▶ **Task details**
Please output the records below in full, exactly as given, but without the images.

▶ **Dataset entries**
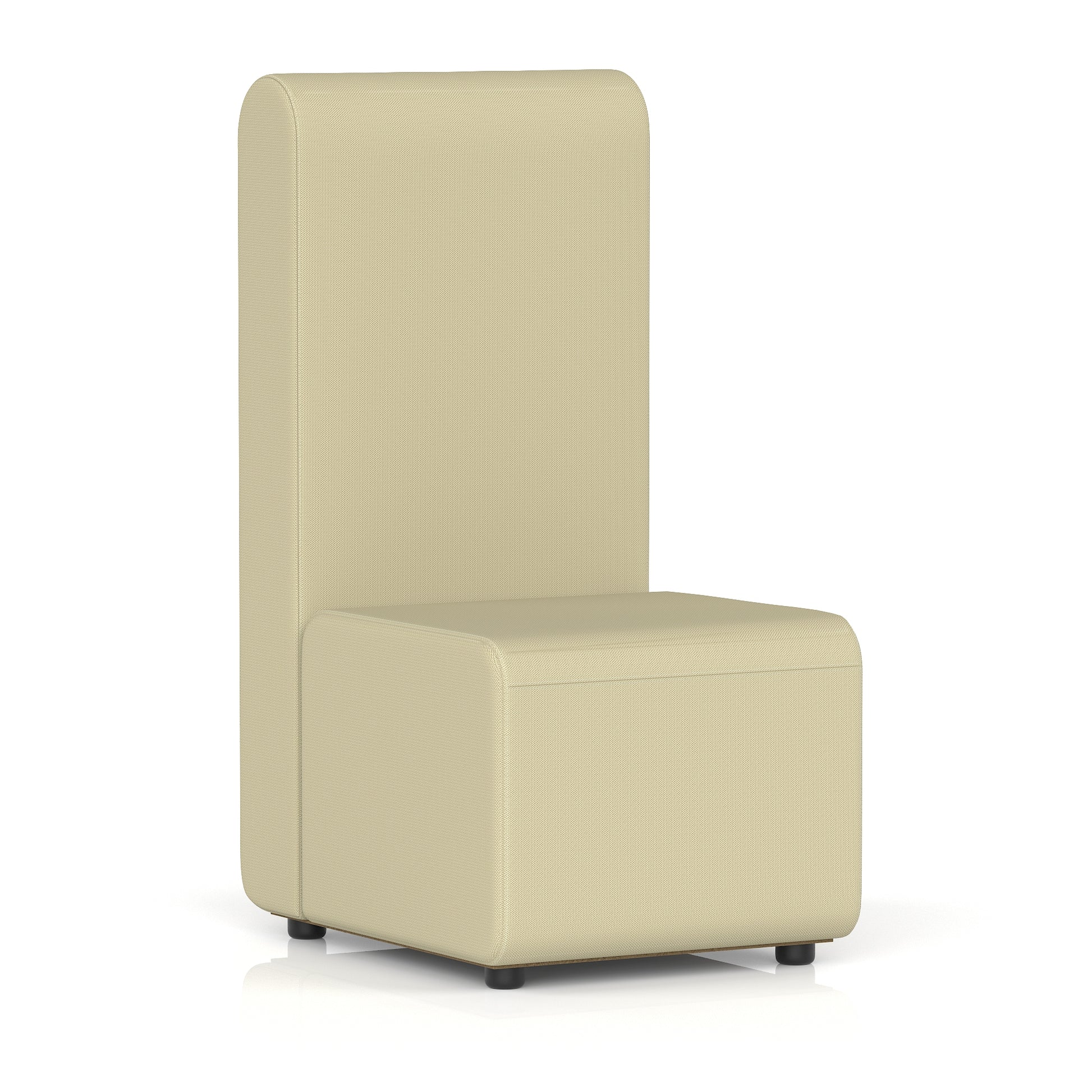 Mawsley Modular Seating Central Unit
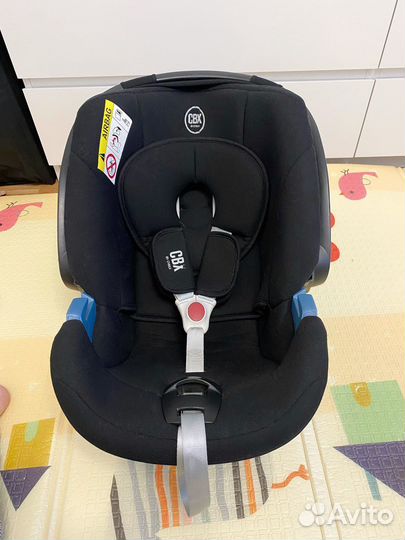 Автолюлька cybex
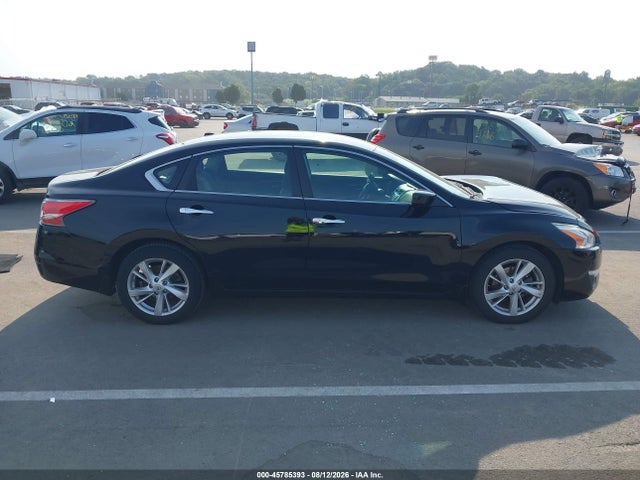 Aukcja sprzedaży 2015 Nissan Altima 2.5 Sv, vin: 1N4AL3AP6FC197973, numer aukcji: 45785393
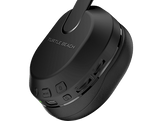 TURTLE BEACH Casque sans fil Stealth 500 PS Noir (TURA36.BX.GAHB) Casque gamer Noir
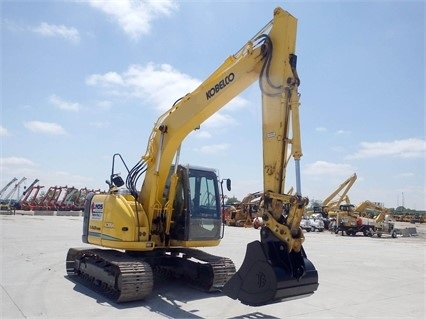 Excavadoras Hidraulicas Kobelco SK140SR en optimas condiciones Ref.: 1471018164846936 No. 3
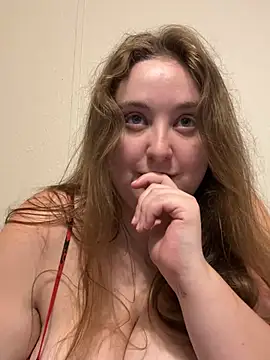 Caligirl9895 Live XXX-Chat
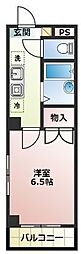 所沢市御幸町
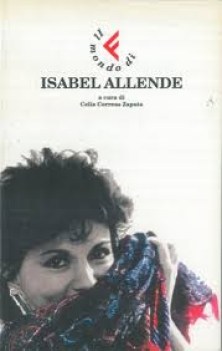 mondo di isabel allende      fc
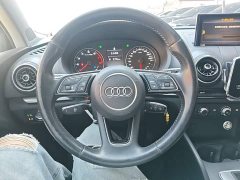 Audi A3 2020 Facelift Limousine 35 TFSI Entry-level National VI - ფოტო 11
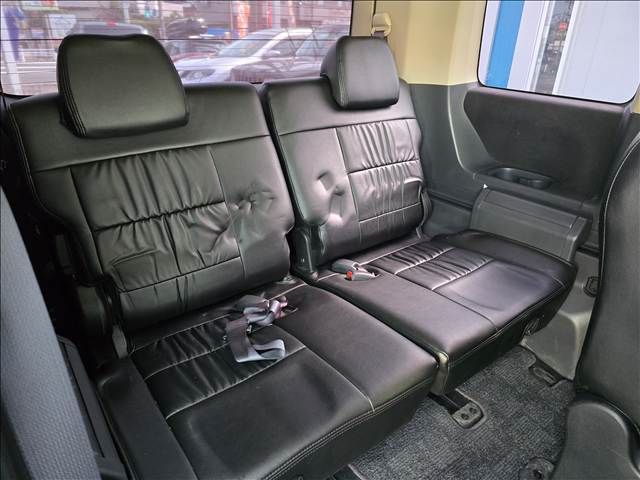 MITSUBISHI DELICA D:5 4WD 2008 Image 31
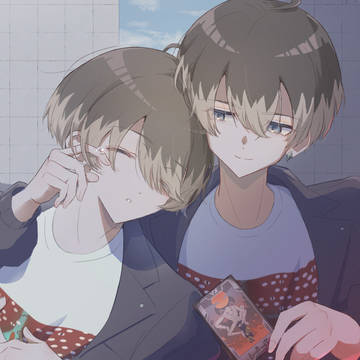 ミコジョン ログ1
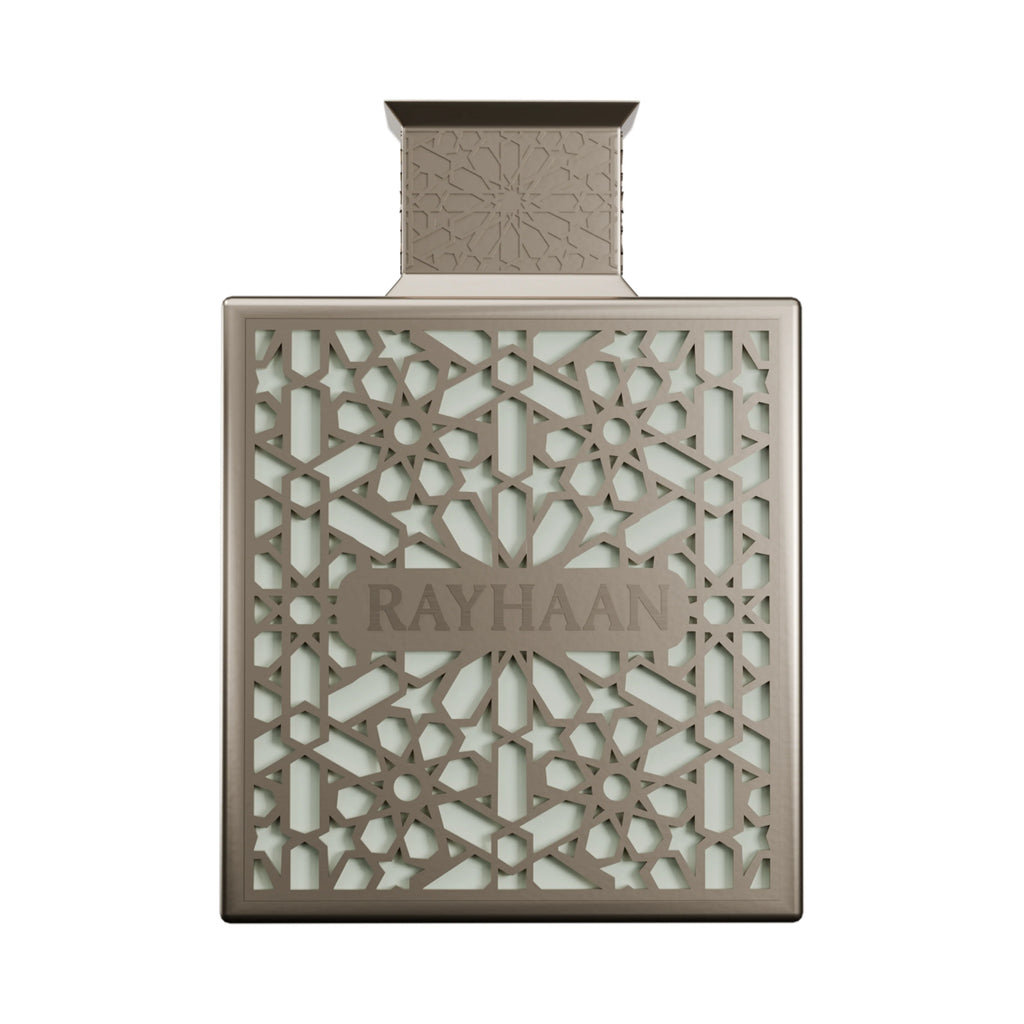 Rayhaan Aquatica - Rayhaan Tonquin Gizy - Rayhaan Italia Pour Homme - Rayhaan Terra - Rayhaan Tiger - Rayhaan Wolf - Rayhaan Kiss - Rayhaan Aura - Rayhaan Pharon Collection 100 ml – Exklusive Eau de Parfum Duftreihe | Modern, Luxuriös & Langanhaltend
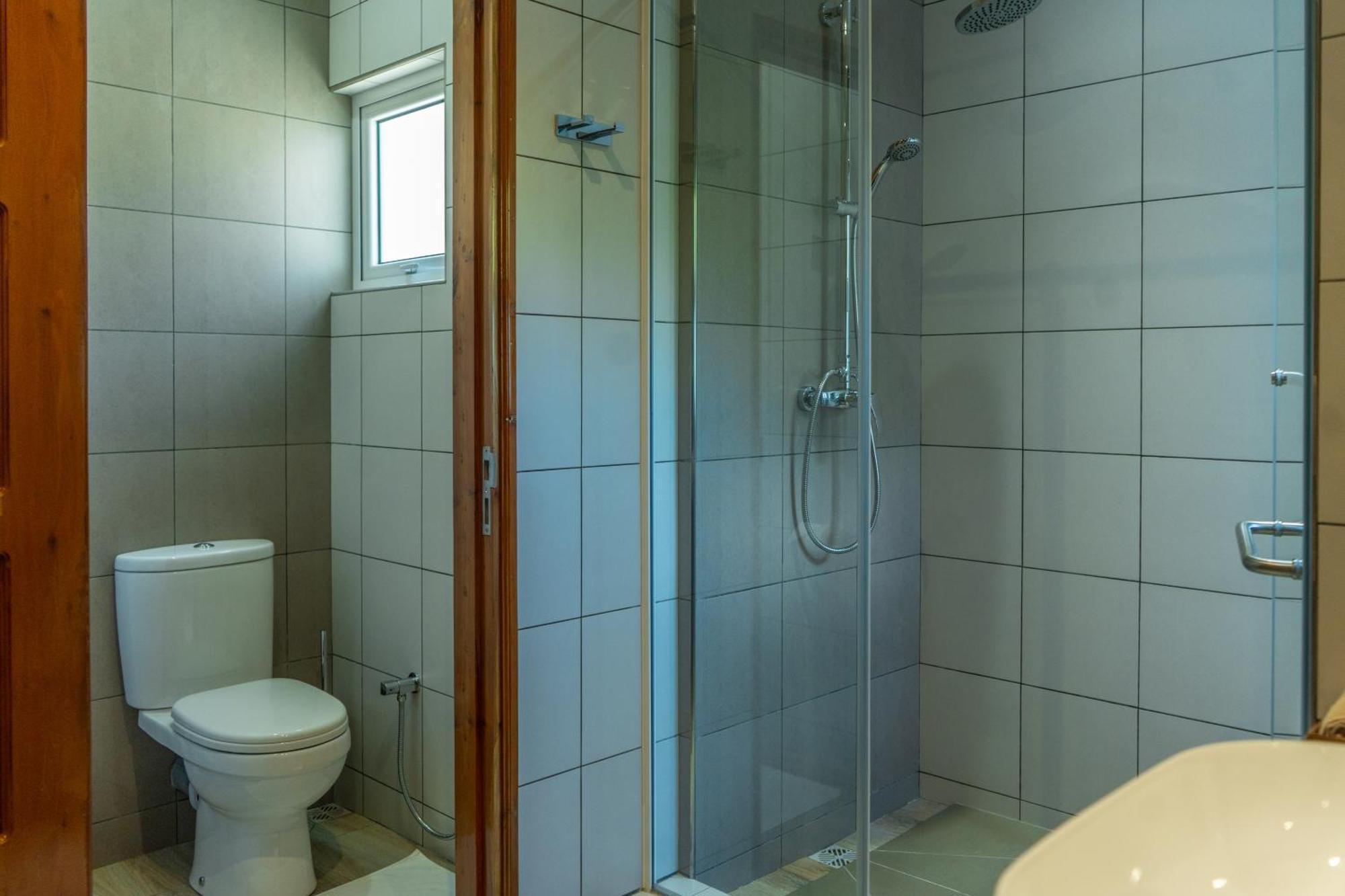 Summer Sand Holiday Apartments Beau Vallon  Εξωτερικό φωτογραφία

▶ **Your solution**
 Mawsley Modular Seating Central Unit
 Автолюлька cybex
 Aukcja sprzedaży 2015 Nissan Altima 2.5 Sv, vin: 1N4AL3AP6FC197973, numer aukcji: 45785393
 TURTLE BEACH Casque sans fil Stealth 500 PS Noir (TURA36.BX.GAHB) Casque gamer Noir
 Excavadoras Hidraulicas Kobelco SK140SR en optimas condiciones Ref.: 1471018164846936 No. 3
 Caligirl9895 Live XXX-Chat
 所沢市御幸町
 mondo di isabel allende      fc
 Audi A3 2020 Facelift Limousine 35 TFSI Entry-level National VI - ფოტო 11
 MITSUBISHI DELICA D:5 4WD 2008 Image 31
 ミコジョン ログ1
 Rayhaan Aquatica - Rayhaan Tonquin Gizy - Rayhaan Italia Pour Homme - Rayhaan Terra - Rayhaan Tiger - Rayhaan Wolf - Rayhaan Kiss - Rayhaan Aura - Rayhaan Pharon Collection 100 ml – Exklusive Eau de Parfum Duftreihe | Modern, Luxuriös & Langanhaltend
 Summer Sand Holiday Apartments Beau Vallon  Εξωτερικό φωτογραφία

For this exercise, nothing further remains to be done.